When people think of game addictions, they often think of kids sitting in the basement, getting fat, eating Cheetos, and living at the computer while their life wastes away. While that is definitely an indicator of a game addiction, sometimes they can be much more difficult to detect. In my case, I was able to keep my grades high, eat lunch with friends, and also participate in track which kept me healthy. However, underneath it all, I was apathetic with my real life. Classes were too easy and boring, and EverQuest challenged me in new, interactive, and fulfilling ways. My friendships were mostly shallow, and EverQuest encouraged me to work with strangers in challenging, collaborative ways, making me feel more bonded to my online guild members. I hated track with a passion, but it kept my mother satisfied and unsuspecting of my game addiction. I was living a mechanical life while letting my imagination and passion unfold into the game. I was just going through the motions of life, and everywhere I went my mind was on the game. Life was slipping out of my fingers because the game gave me everything I needed, and real life kept trying to take it away from me. I developed an irritation with everyone who tried to pull me away from my game. I was flaky with social events and doing only the bare minimum in real life that would allow me to keep up my gameplay. Everything that I encountered in life – trips, extra homework, school events – were evaluated and judged on how they would affect my gameplay.
Parents, your children are experiencing vivid, immersive adventures every time they load a game. Games have so much to offer as far as problem-solving skills, scientific inquiry, and technology literacy, but they are still media. If your child’s personality drastically changes while he or she plays the game, you might want to look into why. I would recommend that you do not react to the situation with hostility but curiosity until you know for sure it is an addiction.
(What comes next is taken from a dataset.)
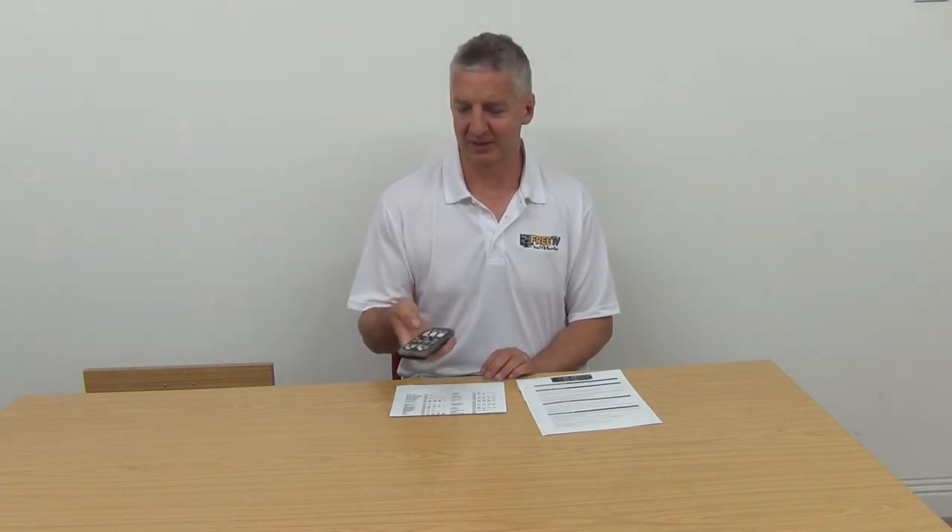When you receive it you have two ways of programming it up. The first is that the codes are built into it, so you can set it into a search mode, keep it going, and when your television turns off you stop, save that setting, and then you have it configured for your particular TV.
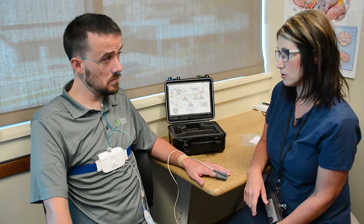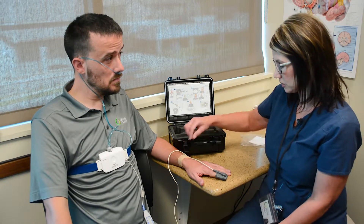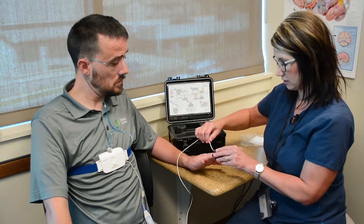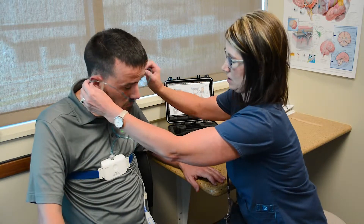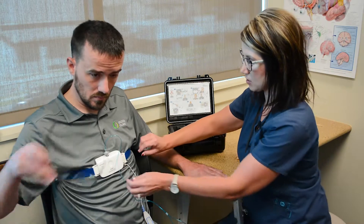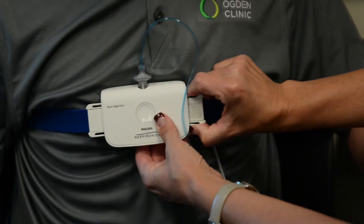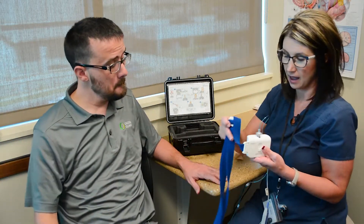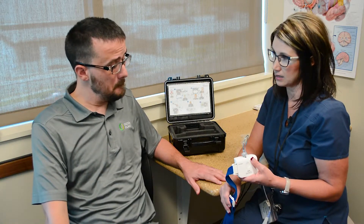We just want you to leave that on throughout the night. When you wake up in the morning, you'll start to take each sensor off. As you take them off, you're going to start to see the lights come on and they're going to start turning yellow. Then all you have to do is unplug this — the machine will turn off by itself after about 30 minutes, and then it's good to go again for the next night.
Look beneath the game to what void that game is filling. If you don’t know how to begin a conversation with your child, try directing them to my site. They can read the spin-off of this article that directly addresses them. Ask them what they think of my experience and if they have ever struggled like that before. Ask if they know anyone with a game addiction and what advice they would give that person. If you think your child has a serious addiction please seek professional help, but I will be happy to answer e-mails with my own personal experiences. Please remember, however, that I am not a psychologist and am not qualified to give professional advice.